Creating a Gauge in React

The beginning of our journey finds us in a Gauge.jsx file, with a simple functional React component.

Whenever we create a new <Gauge>, we'll be able to customize it with five props:

• 1.
  value is the current value. This defaults to 50,
• 2.
  min is the minimum value for our metric. This defaults to 0,
• 3.
  max is the maximum value for our metric. This defaults to 100,
• 4.
  label,
• 5.
  units,

Underneath our code, we'll show the output of our component.

Let's start by adding an <svg> component, with a nice pink border so we can see its dimensions.

As we can see, the default size of a <svg> component is 300 pixels wide by 150 pixels tall.

We want our gauge to be 9em wide. This will let our gauge scale with our text, so it will never look disproportionate with the labels that we'll add later.

We can think about the <svg> element as a telescope into another world. Our telescope defaults to a normal zoom level: one unit is the same as one pixel.

But we can zoom our telescope in or out. To set the zoom on our telescope, we'll use the viewBox property.

viewBox takes four arguments:

• x and y set the position of the top, left corner of our view box. Changing these values will pan our view.
• width and height set the number of "units" that are visible inside of our view box. Changing these values will zoom our view.

Let's see what different telescope settings would look like for a simple svg with a purple circle at [50, 50], with a radius of 40.
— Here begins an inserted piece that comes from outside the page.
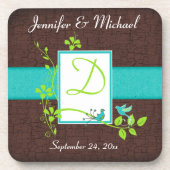 Monogram Turquoise Brown Green Onderzetter Set (6) (Voorkant)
For our gauge, let's simplify our math and focus our telescope on a simple 2 by 1 grid:

If this doesn't make much sense yet, stay tuned and you'll start seeing the benefits very soon.

Alright, let's begin the next phase of our journey:

Drawing arcs in SVG is a complex feat, but we can use our trusty weapon d3.arc(), from the d3-shape library.

d3.arc() will create an arc generator. We can configure our arc generator by calling different methods on it.

Let's look at the parameters we want to use for our arc:

• 1.
  our arc's radius will start at 0.65 and end at 1, ending up 0.35 units wide
• 2.
  our arc will start at -Math.PI / 2 (one quarter turn counterclockwise), and extend to Math.PI / 2 (one quarter turn clockwise)
• 3.
  let's make our arc a bit friendlier, with a cornerRadius of 1,

To use our arc generator, we simply need to call it.

Let's see what that looks like for our gauge. To start, we'll create a grey background arc, to show the full range of our gauge.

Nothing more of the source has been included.